Chinese Bank Stocks Soar, Adding $166 Billion in Trading Frenzy
This article from Bloomberg may be of interest to subscribers. Here is a section:
With China’s reopening trade stalled, Chinese investors are betting on a pledge by Beijing to let state-owned firms have access to more capital and play a bigger role. New guidelines on bond sales by SOEs is seen as another step in the reform as President Xi Jinping reshapes the economy. The frenzied trading has also been attributed to moves by three nationwide lenders to cut deposit rates to boost profit margins.
It’s a “valuation system with Chinese characteristics” story, said Willer Chen, a senior analyst at Forsyth Barr Asia Ltd. Some investors are also “seeing value in bank stocks because their valuation is cheap and dividend yields are attractive, despite the shrinking net interest margins and weak
Q1 results.”
For now, much of the gains may be driven by sentiment, rather than fundamentals. Chinese lenders posted a tepid set of first-quarter earnings as they faced deeper margin woes despite being sheltered from the recent global banking jitters. Analysts say the pressure may persist through the year as lending rates are lowered to revive the economy.

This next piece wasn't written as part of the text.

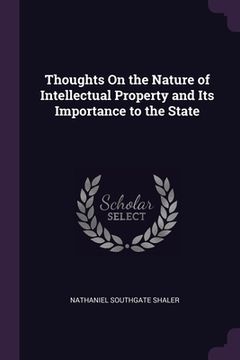 portada Thoughts On the Nature of Intellectual Property and Its Importance to the State (en Inglés)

This is very defensive action from Chinese investors. The primary rationale for overweighting banks is the assumption that the government, through the state-owned enterprises (SOEs), is going to take a much more dominant position in the economy. That’s positive short-term but raises important questions about the welcome private enterprise will receive in China over coming years.
Potential for a boost to support for the flagging property market and large banks being better placed to benefit from that is pure liquidity bet. The Hang Seng Finance Index is rebounding from the region of the 200-day MA and could break the medium-term downtrend on this development.
ICBC (Est P/E 4.02, DY 7.38%) rallied today to test the region of the 1000-day MA. A sustained move above it would confirm a break of the five-year downtrend.